The concept of a fiduciary duty to creditors, which had been recognized for many years in limited circumstances, took on much broader significance in 1991 when a Delaware judge wrote that directors of companies operating in the "vicinity" or "zone" of insolvency may owe duties to the company's creditors. (Because so many U.S. companies are incorporated in Delaware, the opinions of its courts on corporate questions have long exerted nationwide influence.) Since that opinion, lawyers advising boards of troubled companies have been forced to consider a confusing body of law dealing with the zone of insolvency, "deepening insolvency," and duties to creditors generally. Recent cases from the Delaware courts have brought some much-needed clarity to these concepts, but other cases arising from the current difficult economic environment show that officers and directors must continue to consider their possible duties to creditors very carefully.
First, in the 2007 Trenwick case, the Delaware Supreme Court considered a claim of "deepening insolvency." The theory was that directors of a failing corporation breach their duties to creditors if they negligently or fraudulently prolong the life of a business and take on additional debt. The court rejected this theory as an independent basis for suing the directors. The ruling did, however, leave open the possibility that the concept of deepening insolvency could increase the damages against board members who have breached their traditional duty of loyalty in a transaction where they have a conflict of interest.
Then, in another 2007 case called North American Catholic Education Programming Foundation, Inc. v. Gheewalla, the Delaware Supreme Court rejected the zone of insolvency theory. The court held that creditors may assert claims only when a corporation is actually insolvent, as opposed to operating in the zone or vicinity of insolvency. Perhaps more importantly, the court also held that creditors may never recover directly against directors for breaches of their fiduciary duties, even when the company is actually insolvent. Creditor claims may be brought only in a "derivative" action, where any recovery goes to the corporation itself for the benefit of all claimants rather than to the creditor asserting the claim. In addition, in the 2008 case of Nelson v. Emerson, a lower Delaware court held that directors of an insolvent company may cause the company to stay in business, and even engage in risky business ventures, if they believe the effort has a reasonable chance to succeed. "It is settled Delaware law," the court said, "that an insolvent company is not required to turn off the lights and liquidate when the company's directors believe that continuing operations will maximize the value of the company."

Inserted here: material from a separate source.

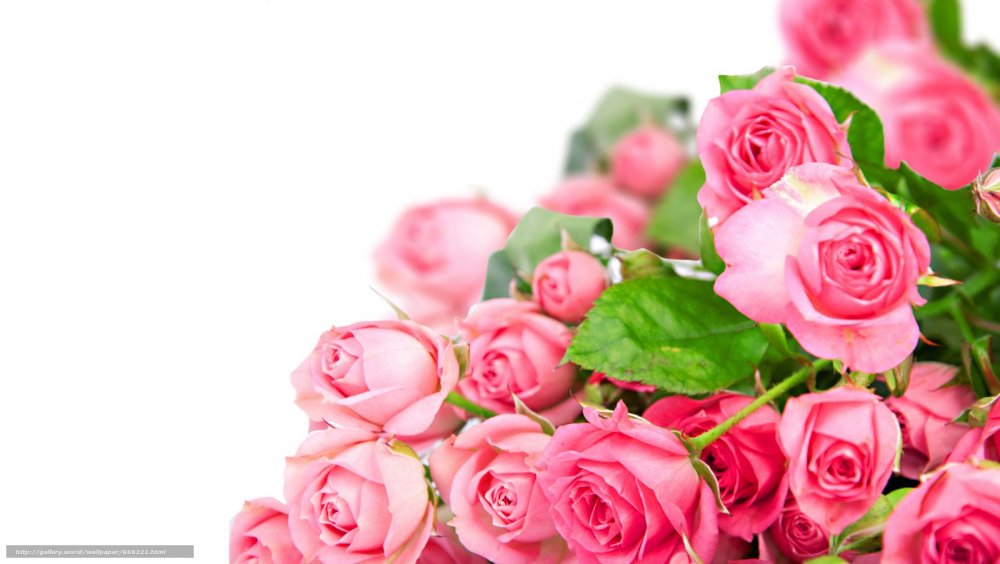 Букет розовых цветов на белом фоне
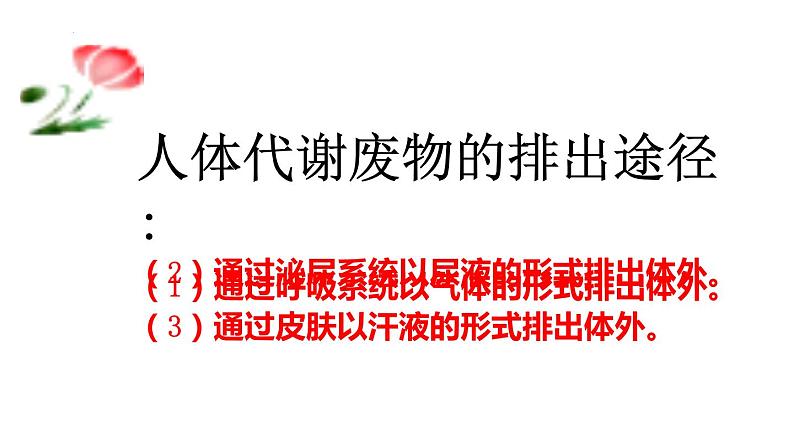 第四单元第十一章第三节 皮肤与汗液分泌课件  北师大版生物七年级下册02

These developments have made it easier for directors and officers to act to save struggling companies without fear of violating conflicting fiduciary duties to shareholders and creditors. Nonetheless, the potential for exposure to claims by creditors of an insolvent corporation remains a concern for board members, especially in connection with the sale of a troubled company or its assets. For example, in the 2008 Bridgeport Holdings case, a federal bankruptcy court in Delaware refused to dismiss a claim against the directors of an insolvent company who were alleged to have approved a sale of the company's assets without appropriately determining the value of the assets, even though there was no claim of self-dealing on the part of the directors. On the other hand, in much-publicized litigation surrounding the acquisitions of Bear Stearns and Wachovia Corporation, courts in New York and North Carolina took positions favorable to the directors in considering fiduciary-duty challenges to board actions taken amidst financial crisis. Overall, although the legal trend may be to give greater leeway to directors and officers of failing and financially troubled companies, they must remain vigilant in the performance of their traditional duties, always bearing in mind the possibility of claims by creditors.